Sob a primeira Constituição republicana brasileira (1891) se formou um modus operandi no sistema político brasileiro baseado no predomínio do governo central em relação aos governos estaduais. Por sua vez, cabia aos governos dos estados referendarem o poder central em suas decisões político-administrativas. A presidência da República significava o grande prêmio da política do país e a viabilização deste ou daquele nome em seu comando dependia, fundamentalmente, dos acordos entre as lideranças políticas situacionistas, cujo regente era o presidente no exercício do cargo.
Desse modo, a cada quatro anos vivia-se intensa agitação política no Brasil, já que a eleição presidencial se dava nesse quadriênio.
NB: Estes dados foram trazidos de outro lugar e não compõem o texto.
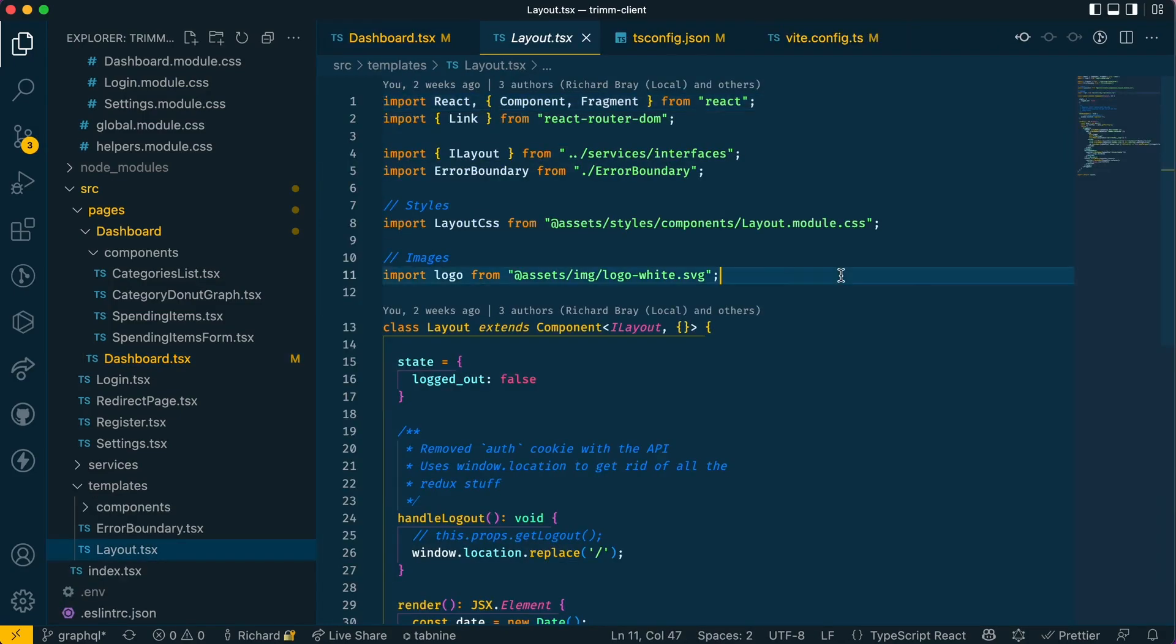With that change made you'll notice VSCode is now recognizing my templates alias and I can option click on this path and it will take me to the right folder, and it's as simple as that.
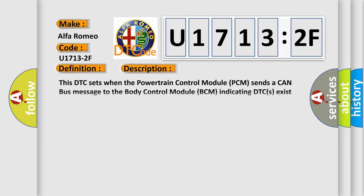And now this is a short description of this DTC code. This DTC sets when the powertrain control module PCM sends a CAN bus message to the body control module BCM indicating DTCs exist within the PCM.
Feitos os acordos entre as elites políticas regionais, praticamente já estava selado o destino político da Nação, haja vista que os governos dos estados detinham força e poder para comandar as eleições, manipulando os resultados, para emoldurá-los aos planos traçados na fase pré-eleitoral. A contrapartida aos chefes políticos estaduais se dava com a legitimação de sua política, vale dizer, de sua relativa autonomia em relação às contendas entre as elites políticas em cada estado. 
Foi assim que se conformou a chamada Política dos Governadores.
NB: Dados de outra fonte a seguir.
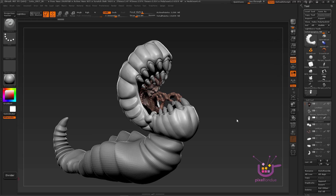Welcome to Pixel Fondue. My name is Chris. I'm going to show you a quick video on making a custom UI in ZBrush. It's very basic — we're just going to take a few things, and that's all. It should only take a few minutes for the actual lesson, but I'm going to explain something first.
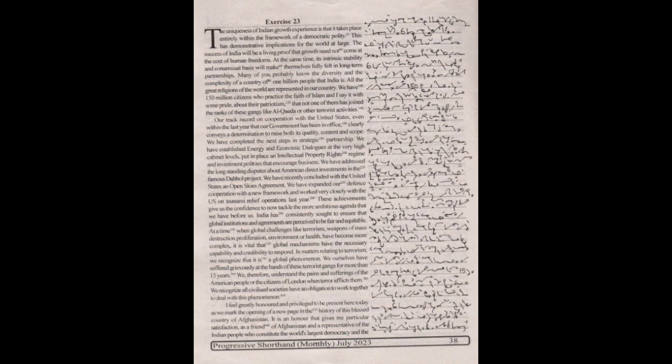In matters relating to terrorism, we recognize that it is a global phenomenon. We ourselves have suffered grievously at the hands of these terrorist gangs for more than 15 years. We therefore understand the pains and sufferings of the American people or the citizens of London when terror afflicts them. We recognize all civilized societies have an obligation to work together to deal with this phenomenon.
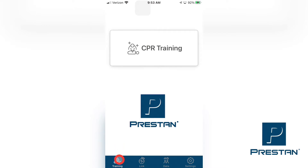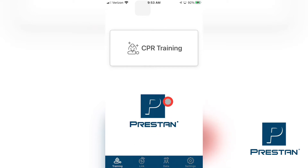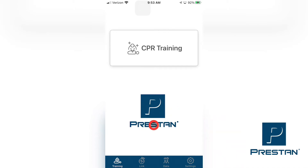These include the Training tab, the Link tab, the Data tab, and the Settings tab. The Training tab allows the instructor to monitor the training of up to six mannequins per device, in real time.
O Brasil desse período é caracterizado, assim, pela força política dos latifundiários, ou seja, os chefes políticos nos estados. Essa dinâmica vai, ao longo das três primeiras décadas do século XX, conformando uma massa crítica no próprio seio das elites latifundiárias, pois se cristalizou o revezamento de presidentes originários de São Paulo e Minas Gerais, fase republicana conhecida como política do “Café com leite”.
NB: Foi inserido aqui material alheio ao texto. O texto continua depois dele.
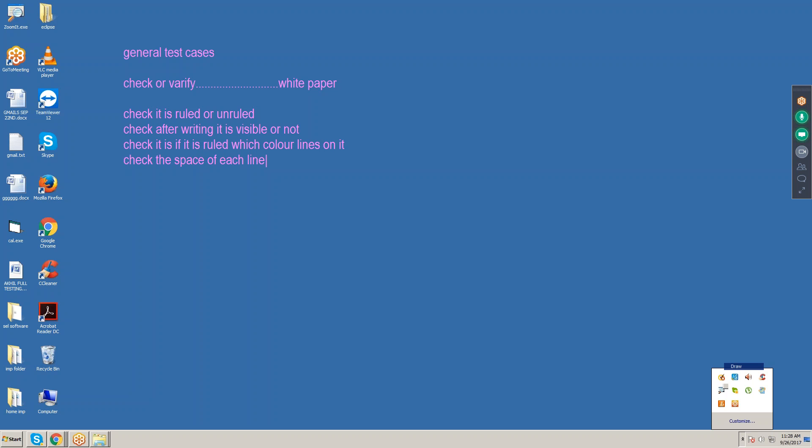Check the paper color — is it pure white or not? If it is a classmate notebook it will always be pure white, but rough notebooks can be brownish or some dark color, not pure white. So check it is pure white or not. Also check if the paper is smooth or rough — can we write on it comfortably.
Mas essa insatisfação, se por um lado significava o esgotamento de um modelo que colocava as elites políticas do nordeste como subalternas à dobradinha São Paulo-Minas Gerais, por outro, garantia a essas elites a confortável situação de, estando com o controle da máquina política estadual, manejar, ao seu sabor, as forças políticas locais, principalmente os coronéis, líderes políticos dos municípios e vilas do interior do nordeste brasileiro. Portanto, a Política dos Governadores funcionava com base na triangulação poder central-poder estadual-poder local, lógica assentada numa dinâmica econômica cuja natureza era essencialmente conservadora, já que o país manteve inalterado, por todos esses anos, o modelo agroexportador, com domínio de grandes terras sob o manto dos latifundiários, travando o liberalismo econômico, exigência das classes produtoras mais desenvolvidas do ponto de vista produtivo, vale dizer, principalmente, da já relativamente avançada indústria paulista.
É nesse contexto que aflora a necessidade de abertura burguesa na perspectiva de superação do modelo agroexportador, sendo, assim, uma exigência objetiva para o desenvolvimento das forças produtivas nacionais em contraposição a um país atrasado sob o prisma econômico, já que o latifúndio era o elemento fundamental do motor econômico e social naquela quadra.
Em boa monta, o Maranhão parou no tempo: as suas elites políticas não perceberam o quão importante era fazer com que o estado acompanhasse as mutações econômicas pós-30; a esperança de que isto viesse a ocorrer, com a eleição de José Sarney em 1965 se revelou uma furada: houve tão somente a substituição de oligarquias, mantendo-se a mesma dinâmica conservadora, patrimonialista, coronelista.
Sem cair no determinismo que impede que enxerguemos as demais nuances dos processos sociais, é incontornável dizer que o componente econômico dessa discussão aflora como (o) aspecto central, pois, “uma das urgências a ser enfrentada por esse projeto é a consolidação de outra economia para além dos grandes enclaves econômicos”.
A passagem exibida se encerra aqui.